F R O M L E N I N T O G R A M S C I
54
workers’ movement should instead enter into ideological struggle to redefine the
democratic movements and to win them over to its side (Mouffe 1979a:17).
Gramsci did maintain that ultimately the political terrain would take the form of
two great historical blocs standing in opposition to one another, and that these
two blocs would be defined in terms of their class-based leadership, namely the
leadership of the proletariat and the bourgeoisie. He nevertheless regarded the
two blocs as complex unities or collective wills; he even saw class struggle itself as
“complex relations of forces” (Mouffe 1979b:180). Above all, Gramsci maintained
that the socialist struggle would not succeed in its counter-hegemonic strategy
merely by relying on the dictates of scientific theory. It would have to engage in
the complex game of redefining democratic struggles and the most promising
popular elements, and then integrating them into a hegemonic socialist bloc.

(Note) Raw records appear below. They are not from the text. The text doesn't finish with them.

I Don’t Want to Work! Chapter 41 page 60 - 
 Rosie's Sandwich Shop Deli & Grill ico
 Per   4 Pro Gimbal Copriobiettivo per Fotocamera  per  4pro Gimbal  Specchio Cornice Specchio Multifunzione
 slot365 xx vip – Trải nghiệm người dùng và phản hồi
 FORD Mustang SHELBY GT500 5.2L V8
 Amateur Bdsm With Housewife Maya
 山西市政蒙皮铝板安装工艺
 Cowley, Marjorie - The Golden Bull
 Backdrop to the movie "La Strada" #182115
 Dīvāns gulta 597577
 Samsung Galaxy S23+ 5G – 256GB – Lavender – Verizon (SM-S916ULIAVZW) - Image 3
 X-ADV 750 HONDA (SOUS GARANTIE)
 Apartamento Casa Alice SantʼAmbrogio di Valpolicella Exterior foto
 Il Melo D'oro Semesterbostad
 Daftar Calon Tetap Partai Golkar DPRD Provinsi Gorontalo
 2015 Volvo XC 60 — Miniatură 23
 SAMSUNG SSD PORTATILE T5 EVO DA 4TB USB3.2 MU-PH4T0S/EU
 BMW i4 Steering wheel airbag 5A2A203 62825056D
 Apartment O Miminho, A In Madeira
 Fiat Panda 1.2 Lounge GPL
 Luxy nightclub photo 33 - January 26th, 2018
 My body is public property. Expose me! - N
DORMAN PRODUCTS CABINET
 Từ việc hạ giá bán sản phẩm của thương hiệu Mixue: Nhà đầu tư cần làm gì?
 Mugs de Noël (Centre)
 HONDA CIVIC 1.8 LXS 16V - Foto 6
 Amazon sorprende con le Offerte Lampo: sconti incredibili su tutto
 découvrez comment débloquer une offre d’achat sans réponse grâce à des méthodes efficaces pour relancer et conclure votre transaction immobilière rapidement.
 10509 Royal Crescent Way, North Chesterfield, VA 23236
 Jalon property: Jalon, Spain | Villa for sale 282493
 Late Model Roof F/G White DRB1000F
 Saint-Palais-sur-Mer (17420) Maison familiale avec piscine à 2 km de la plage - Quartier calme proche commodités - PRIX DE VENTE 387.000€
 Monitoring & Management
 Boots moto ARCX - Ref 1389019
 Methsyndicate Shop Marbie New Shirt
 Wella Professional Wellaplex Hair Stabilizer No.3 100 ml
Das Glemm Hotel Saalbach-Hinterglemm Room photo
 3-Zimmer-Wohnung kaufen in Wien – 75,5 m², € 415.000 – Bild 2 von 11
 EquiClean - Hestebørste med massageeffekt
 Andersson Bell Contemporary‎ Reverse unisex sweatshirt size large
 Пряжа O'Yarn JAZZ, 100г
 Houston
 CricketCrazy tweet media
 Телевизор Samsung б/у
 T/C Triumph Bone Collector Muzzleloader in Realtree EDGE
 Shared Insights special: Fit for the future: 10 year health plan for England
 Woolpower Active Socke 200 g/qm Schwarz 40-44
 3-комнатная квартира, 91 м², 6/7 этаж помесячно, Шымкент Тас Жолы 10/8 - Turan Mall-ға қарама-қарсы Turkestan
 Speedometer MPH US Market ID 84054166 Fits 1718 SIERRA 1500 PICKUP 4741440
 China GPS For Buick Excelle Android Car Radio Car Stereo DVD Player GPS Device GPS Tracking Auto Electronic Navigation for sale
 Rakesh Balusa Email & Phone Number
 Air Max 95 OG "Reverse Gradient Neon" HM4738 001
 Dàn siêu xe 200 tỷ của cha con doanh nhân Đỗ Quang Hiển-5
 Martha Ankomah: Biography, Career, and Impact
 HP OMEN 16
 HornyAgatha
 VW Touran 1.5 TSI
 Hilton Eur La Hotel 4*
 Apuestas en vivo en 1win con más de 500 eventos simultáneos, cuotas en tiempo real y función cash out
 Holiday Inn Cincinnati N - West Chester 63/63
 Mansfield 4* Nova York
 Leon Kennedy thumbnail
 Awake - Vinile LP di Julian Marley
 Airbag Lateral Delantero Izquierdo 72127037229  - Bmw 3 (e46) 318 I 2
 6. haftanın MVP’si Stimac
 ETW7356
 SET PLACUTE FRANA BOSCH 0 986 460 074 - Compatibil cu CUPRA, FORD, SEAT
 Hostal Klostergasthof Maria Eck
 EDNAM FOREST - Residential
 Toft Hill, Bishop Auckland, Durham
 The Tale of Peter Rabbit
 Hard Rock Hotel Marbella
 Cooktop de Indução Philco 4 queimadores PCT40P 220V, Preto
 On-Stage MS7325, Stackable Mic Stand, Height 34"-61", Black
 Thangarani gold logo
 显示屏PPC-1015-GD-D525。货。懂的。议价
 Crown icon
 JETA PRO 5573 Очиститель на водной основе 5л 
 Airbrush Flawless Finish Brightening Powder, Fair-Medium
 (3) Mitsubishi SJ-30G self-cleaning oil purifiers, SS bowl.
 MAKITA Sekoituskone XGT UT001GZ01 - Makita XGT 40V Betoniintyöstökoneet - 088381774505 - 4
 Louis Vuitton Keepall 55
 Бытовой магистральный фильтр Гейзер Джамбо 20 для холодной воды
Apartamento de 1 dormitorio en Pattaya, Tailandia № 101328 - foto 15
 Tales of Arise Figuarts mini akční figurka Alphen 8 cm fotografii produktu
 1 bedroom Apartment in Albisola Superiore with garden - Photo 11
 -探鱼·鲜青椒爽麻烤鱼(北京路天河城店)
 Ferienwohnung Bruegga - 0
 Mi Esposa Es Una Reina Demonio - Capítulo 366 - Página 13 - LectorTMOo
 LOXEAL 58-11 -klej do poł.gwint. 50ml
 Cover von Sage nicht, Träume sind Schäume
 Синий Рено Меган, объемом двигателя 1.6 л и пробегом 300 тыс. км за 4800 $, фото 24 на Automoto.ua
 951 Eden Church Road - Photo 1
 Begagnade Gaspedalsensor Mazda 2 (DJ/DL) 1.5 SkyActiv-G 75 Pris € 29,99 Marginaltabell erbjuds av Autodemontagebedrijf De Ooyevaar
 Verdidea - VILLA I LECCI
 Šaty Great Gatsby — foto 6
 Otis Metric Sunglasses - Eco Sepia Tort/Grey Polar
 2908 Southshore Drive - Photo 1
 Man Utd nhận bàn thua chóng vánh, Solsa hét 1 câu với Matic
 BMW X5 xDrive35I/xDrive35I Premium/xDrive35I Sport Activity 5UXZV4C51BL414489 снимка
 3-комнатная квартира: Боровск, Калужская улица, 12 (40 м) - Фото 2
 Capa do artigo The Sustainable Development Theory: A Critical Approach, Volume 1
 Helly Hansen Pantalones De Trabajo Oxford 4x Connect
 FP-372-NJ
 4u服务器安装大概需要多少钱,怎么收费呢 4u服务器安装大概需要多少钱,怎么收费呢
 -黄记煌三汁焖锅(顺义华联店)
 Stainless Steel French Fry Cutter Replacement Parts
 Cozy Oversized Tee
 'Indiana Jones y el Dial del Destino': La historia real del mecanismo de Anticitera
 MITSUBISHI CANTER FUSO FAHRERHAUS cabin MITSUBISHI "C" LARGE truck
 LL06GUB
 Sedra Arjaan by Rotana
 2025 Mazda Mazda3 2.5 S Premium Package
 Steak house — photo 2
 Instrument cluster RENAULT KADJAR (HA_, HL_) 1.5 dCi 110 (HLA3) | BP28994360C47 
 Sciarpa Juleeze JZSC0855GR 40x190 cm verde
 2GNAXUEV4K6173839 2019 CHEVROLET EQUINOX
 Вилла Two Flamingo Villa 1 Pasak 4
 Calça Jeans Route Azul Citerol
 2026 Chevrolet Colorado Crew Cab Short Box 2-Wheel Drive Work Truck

Gramsci’s strategic approach remains relevant today. Radical democratic
activists in the United States, for example, are constantly attempting to counteract
the right’s appropriation of the American democratic tradition with alternative
constructions. When the neo-conservatives suggest that affirmative action
contradicts the Fourteenth Amendment, or the religious right invokes the mythical
constitutional right of American employers to discriminate against lesbian and
gay workers, democratic activists do not remain silent; they enter the fray and
offer oppositional constructions of these American political values. When the
anti-immigrant forces depict America as a white-English-only space, radical
activists respond with a vision of a multicultural and hybrid America. This is not
to endorse a full-scale “alternative patriotism”; the historical sedimentations of
American nationalism are such that a radical democratic pluralist American
patriotism has become almost an oxymoron. This is only to note that wherever
authoritarianism advances its agenda by appropriating traditions and symbols,
radical democratic activists respond by attempting to rescue the progressive
elements that can be found in those institutions and to transform that potential
into concrete political tools.
In the development of his theory of hegemony, Gramsci drew inspiration from
the same text that reductionist Marxists cite in defense of their epiphenomenalism,
namely Marx’s Preface to a Contribution to the Critique of Political Economy (Gramsci
1971:365; Texier 1979:56–7). Marx argues that the economic structure of society
constitutes the “real foundation on which rises a legal and political superstructure
and to which correspond definite forms of social consciousness,” and that “it is
not the consciousness of men that determines their being, but, on the contrary,
their social being that determines their consciousness” (Marx 1969a:503). This
passage has, with some justification, been widely interpreted as an endorsement of
the view that the political is merely a reflection of the economic base.
In a later passage, however, Marx offers an epistemological comment.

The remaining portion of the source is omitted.